Les cultures favorables à l’apprentissage sont généralement orientées autour de valeurs et principes bien connues :
- Accepter l’erreur et éviter le carcan de la recherche du “Faire bien dès la première fois“.
- Priviligier l’I.C.T.A (j’Intuite, je Conçois rapidement, je Teste, j’Améliore ou j’Abandonne) au sempiternel P.D.C.A (Plan, Do, Check, Adapt).
- Orienter les énergies autant vers l’apprenance que vers la performance, par exemple en fixant et valorisant des objectifs de développement des compétences au même titre que des objectifs d’activité.
- Développer une culture d’entraide, de partage, de collaboration en rémunérant davantage l’atteinte des objectifs collectifs que les objectifs individuels…
- Détayloriser et aplanir les lignes hiérarchiques afin de favoriser la circultation des connaissances et les démarches créatives.
Créer de nouveaux espaces-temps d’apprentissage
La culture manageriale doit se traduire par des mises en oeuvre concrètes en matière d’organisation et de lieux de formation. De nouveaux espaces-temps d’apprentissage sont à créeer venant compléter voire se substituer à la traditionnelle salle de formation : les réunions d’équipe réalisées systématiquement dans des salles de créativité, les briefing animés dans des espaces conçus autour de principes de management visuels, les journées de télétravail dans des lieux de co-working…
Introduire des techniques apprentissages coopératifs
Apprendre, ça s’apprend ! Managers et collaborateurs ne maîtrisent pas forcément toutes les techniques d’apprentissage entre pairs. Faire du co-coaching, animer des ateliers d’échange de pratiques ou de co-développement au sein d’une équipe, réaliser un benchmarking ou encore réussir un “Vis ma vie professionnelle“ nécessitent un véritable savoir-faire. Présenter ces techniques à tous les acteurs, former et outiller des référents qui deviendront en quelque sorte des “agents pollinisateurs“ est indispensable.
Ces référents sont certainement à sélectionner parmi les tuteurs, mentors et formateurs de l’entreprise. Cette population est la cheville ouvrière d’une entreprise favorisant la pollinisation des savoirs.
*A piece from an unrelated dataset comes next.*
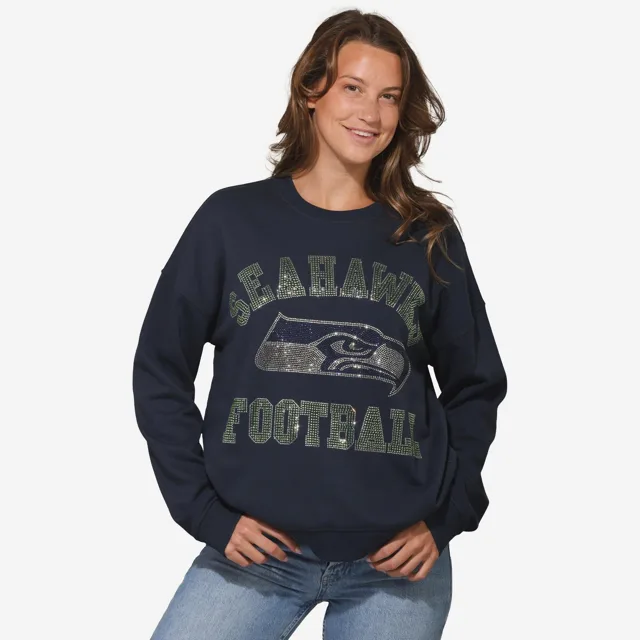 Seattle Seahawks Sweat-shirt surdimensionné à col rond avec logo strass pour femme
Organiser les communautés d’apprentissage par fonction
Ces dernières années, toutes les fonctions de l’entreprise ont développé des méthodes, outils, principes d’action, savoir-faire… de plus en plus sophistiqués. Du marketing à la RH en passant par la production, le commercial, la logistique ou les achats aucune n’y a échappé. Résultat des courses, les managers croulent sous le nombre de procédures et d’outils que chaque fonction lui a produit sans avoir pris le soin de les aider à les prendre en main. Les experts ont conçu d’un côté et les managers font ce qu’ils peuvent (ou ce qu’ils veulent le plus souvent) pour survivre !
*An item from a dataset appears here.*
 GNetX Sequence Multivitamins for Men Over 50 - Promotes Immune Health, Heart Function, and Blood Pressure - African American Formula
De temps en temps des formations sont organisées auprès des managers pour aider la prise en main, mais elles passent le plus souvent à côté de leur objectif. Comment s’approprier une nouvelle politique RH ou Achats en une demi journée de formation ou 30′ d’un module E-Learning ?
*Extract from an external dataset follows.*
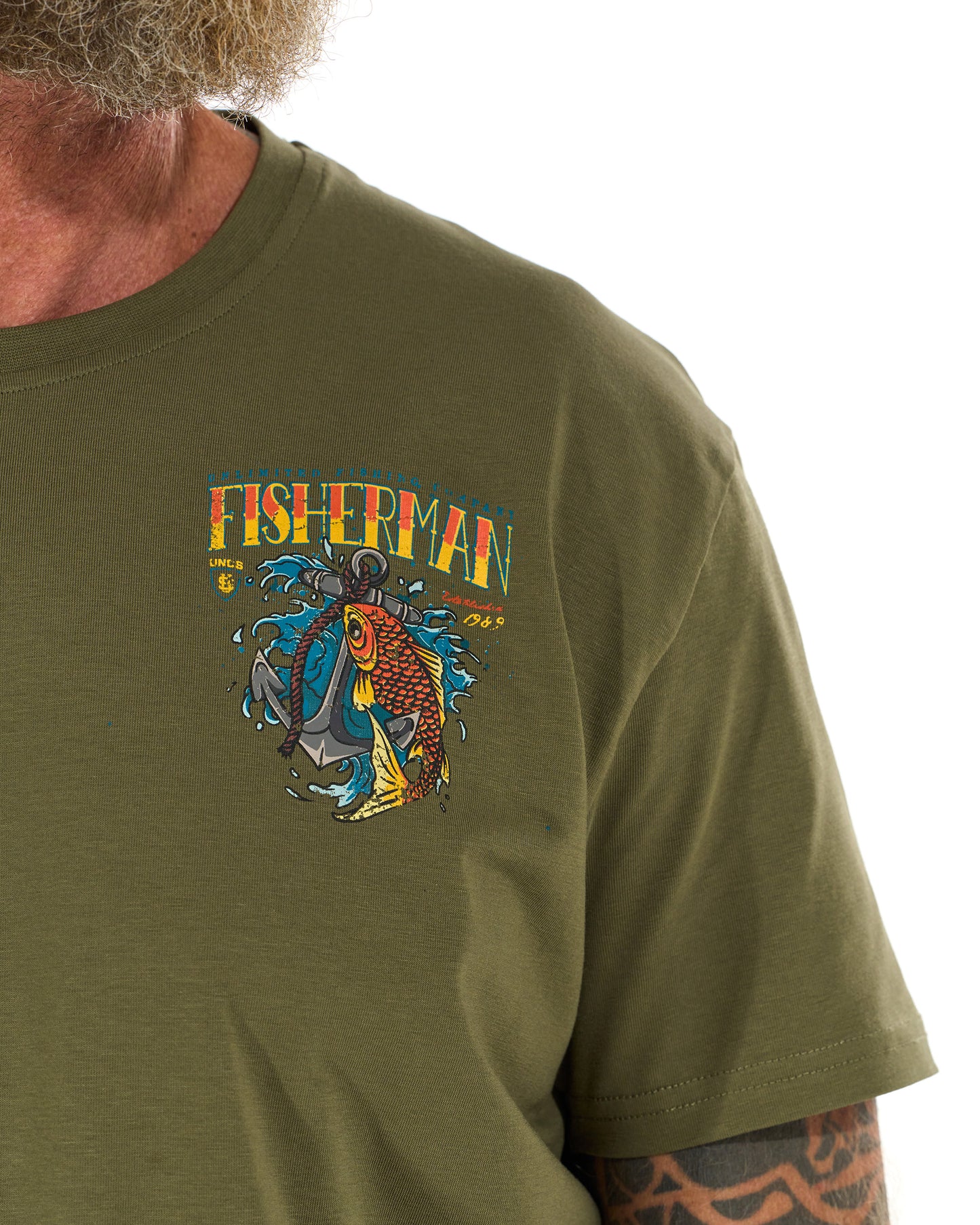 FISHERMAN IV Men's T-Shirt KHAKI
Afin d’en finir avec ces démarches descendantes, il est possible aujourd’hui d’utiliser les réseaux sociaux d’entreprise comme de véritables outils de partage et d’innovation. Et d’améliorer ainsi sensiblement la qualité de la relation Central-Local / Fonctions supports – Management opérationnel. A condition, bien sûr de respecter quelques règles simples :
- Elargir la communauté d’apprentissage métier à tous les acteurs impliqués (managers et collaborateurs opérationnels) et ne pas la limiter aux seuls collaborateurs de la fonction elle-même.
- Animer la communauté d’apprentissage métier en dédiant une ou plusieurs personnes sur cette mission.
- Accepter la logique du partage et favoriser la communication dans tous les sens descendante, ascendante, horizontale… et pas seulement descendante.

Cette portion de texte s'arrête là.